Pouco a pouco a tão boa memória que julguei ter quando o assunto é você vem desaparecendo. Pouco a pouco os fragmentos que julguei eternos se dissipam em meio a dor, tristeza ou apenas incompreensão de tudo que se passou. Devo admitir, já que creio que esta é a hora, que dor e tristeza são sentimentos escassos quando me lembro de você. Ainda admitindo, devo passar-te a ciência de que incompreensiva são todas as tuas ações: antes, durante e agora. Pouco a pouco ainda tento lembrar-me como era feliz com você e esquecer que o sentimento de que nunca serei feliz é passageiro – como você se mostrou ser.
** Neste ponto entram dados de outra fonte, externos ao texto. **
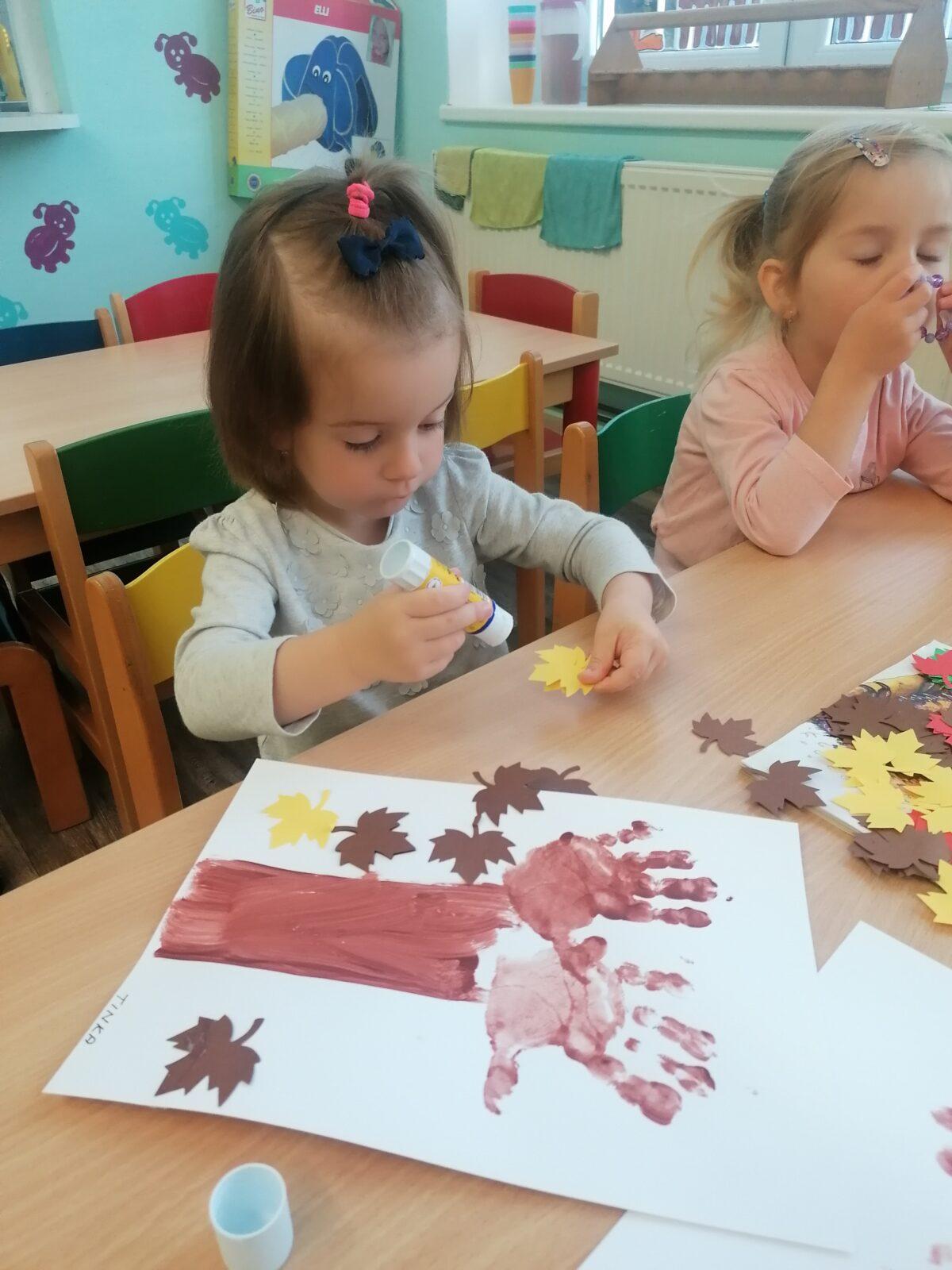 Tvořeníčko, tvoření: "Listí žloutne, poletuje" - Broučci - 26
Mesmo agora, enquanto te escrevo, não consigo lembrar se algum dia, de fato, o prometemos que não iríamos embora. Mesmo agora, não consigo compreender o porquê de eu mesma não ter quebrado nossos votos de que não iríamos nos afastar. Mesmo agora o agora parece bem distante, como uma sombra no futuro, ainda que escrever para ti não passe da minha permanência contínua no passado. Não te odiar não é uma evolução. Não sentir tristeza não é ser racional. Não te sentir, no entanto, ainda parece um caminho longo demais, principalmente com tuas aparições repentinas de caráter desconhecido.
Evito-te, nego-te, tento odiar-te, esquecer-te. Mas, inconscientemente, sei que deveria esquecer de tentar esquecer-te. Sem sentido, sem por que, sem lógica ou explicação plausível. Tal qual me confundistes, deveria eu me confundir com o fim de causar, em toda incompreensão, irracionalidade o bastante para me iludir com falsos argumentos próprios que me convençam de que, mesmo com ou sem você, buscar compreender o que aconteceu não mudaria nada do que já vivi.